Dans son Histoire ancienne des peuples de l'Orient classique, Gaston Maspero, l'éminent égyptologue français, écrivait en 1897 : « Certaines contrées semblent prédestinées dès l'origine à n'être que des champs de bataille disputés sans cesse entre les nations. C'est chez elles et à leurs dépens que leurs voisins viennent vider, de siècle en siècle, les querelles et les questions de primauté qui agitent leur coin du monde. On s'en jalouse la possession, on se les arrache lambeau à lambeau, la guerre les foule et les démembre : tout au plus leurs peuples peuvent-ils prendre parti, se joindre à l'un des ennemis qui les écrasent, et l'aidant à triompher des autres, rendre du même coup leur servitude assurée pour longtemps. Un hasard inespéré oblige-t-il enfin leur seigneur étranger à les délivrer de sa présence, ils se montrent incapables de mettre à profit le répit que la fortune leur accorde, et de s'organiser efficacement en vue des attaques futures. Ils se divisent en cent communautés rivales dont la moindre prétend demeurer autonome, et entretient une guerre perpétuelle sur ses frontières, pour conquérir ou pour conserver la souveraineté glorieuse de quelques arpents de blé dans la plaine ou de quelques ravins boisés dans la montagne. C'est, pendant des années, une mêlée sanglante, où de petites armées se livrent de petits combats pour la défense de petits intérêts, mais si rudement et d'un acharnement si furieux que le pays en souffre autant et plus que d'une invasion. Ils ne font trêve à leurs luttes que sous un maître venu du dehors, et ils ne vivent d'une vie personnelle que dans l'intervalle de deux conquêtes : leur histoire s'absorbe presque entière dans celle de plusieurs autres peuples. »

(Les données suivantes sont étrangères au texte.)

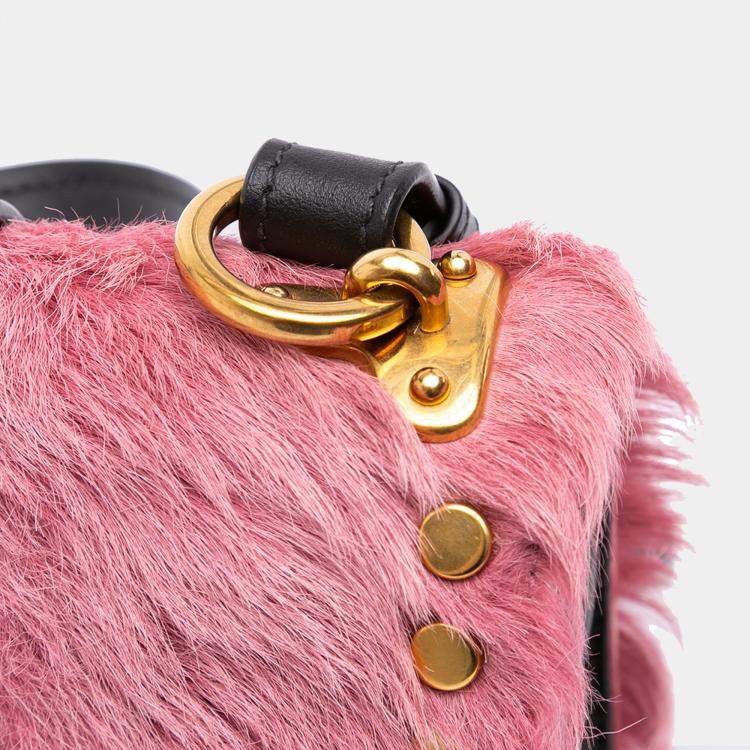 Pre Owned Prada Pink City Calf Trimmed Cavallino Cahier Crossbody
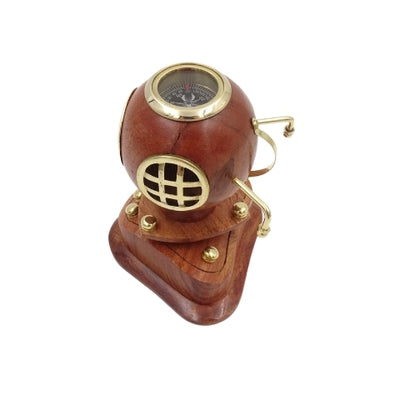 Casco pequeño de buceador retro con reloj y personalización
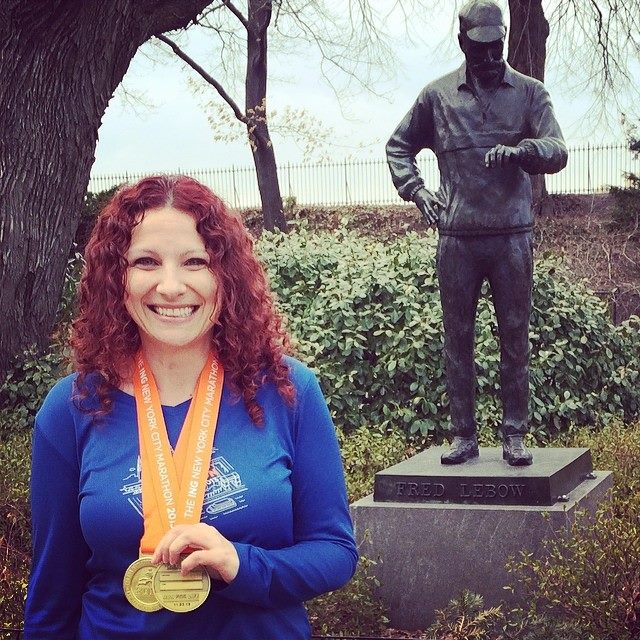 just showing off my NYC Marathon bling with the one and only Fred.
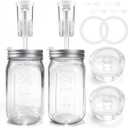 32oz Mason Jar Fermentation Kit 2 Pk Fermentation Jars, Fermentation Lids Fermenting weights and Airlocks, Complete Fermenting Kit for Making and Storing Sauerkraut, Pack of 2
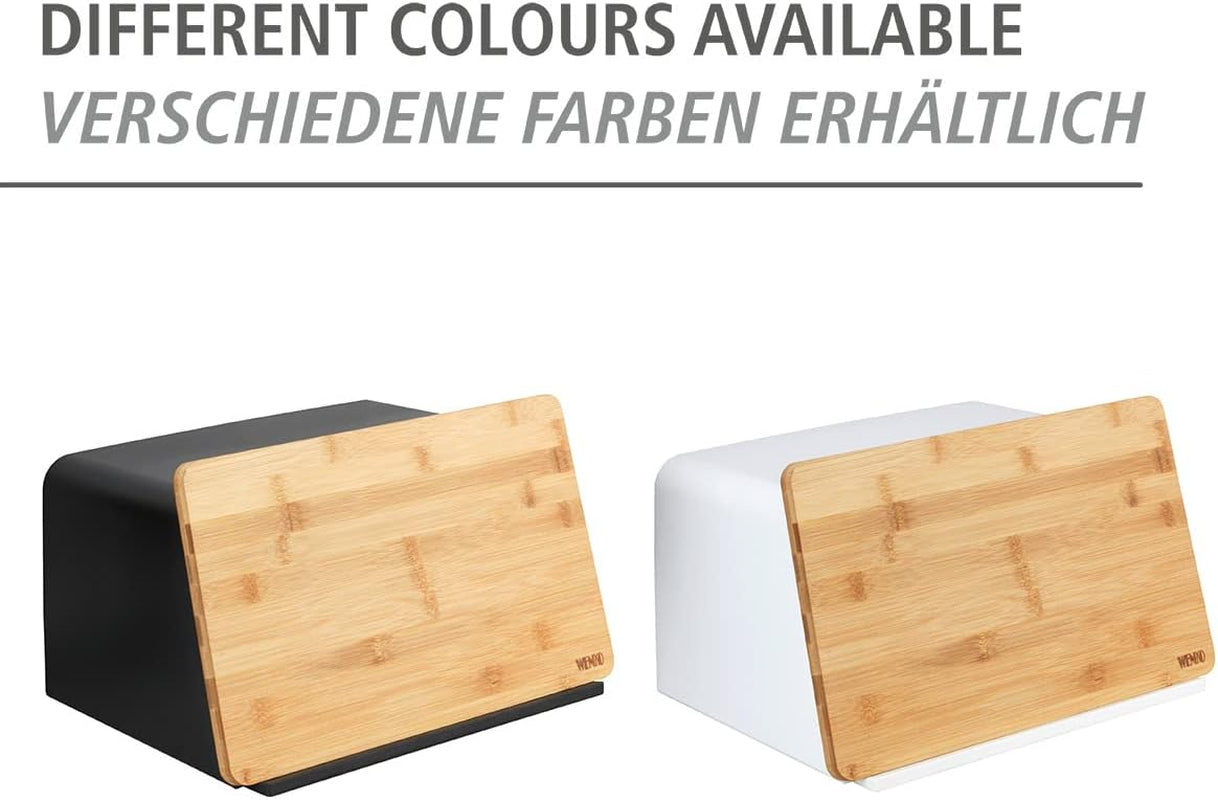 WENKO coș de pâine cu placă de bambus Kubo, depozitare versatilă a pâinii cu capac și placă de tăiere integrată din bambus, cutie de depozitare a alimentelor, depozitare durabilă a pâinii, 35 x 20,5 x 26 cm, negru/natură Cutii depozitare alimente Naty Shop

Cette citation résume bien, je pense, le sort de la région, hier et aujourd'hui, et le cadre dans lequel s'insèrent les relations de l'Azerbaïdjan et de ses voisins avec les empires, anciens et actuels, dont ils ont fait partie ou tentent de sortir. Comme les territoires de ses voisins arméniens et géorgiens – et au-delà de quelques variations liées à l'emplacement, à la topographie ou à la composition ethnique et religieuse –, celui de l'actuel Azerbaïdjan n'échappe pas à cette situation de champ de bataille permanent.

Si ces trois pays ont une grande part d'histoire commune, des enjeux et des ennemis communs, la hiérarchie de ces enjeux et de ces ennemis est différente pour chacun, et c'est probablement l'une des principales sources de leurs conflits.

L'identité des Arméniens est fondée sur une langue dotée de son alphabet propre dès le ve siècle, sur une Église nationale, sur la mémoire d'un passé ancien, des heures sombres comme des âges d'or, dont le récit se retrouve aussi bien dans les chroniques nationales que dans les chroniques assyriennes, perses, grecques ou romaines, et sur les cartes géographiques. Pour eux, le principal enjeu n'est donc pas identitaire.

La population arménienne, notamment celle de Tabriz et du Nakhitchevan, voire celle de Crimée, a connu des siècles de déplacements forcés. Elle a subi des massacres, dont les plus récents datent de la fin du xixe siècle et, bien sûr, de 1915.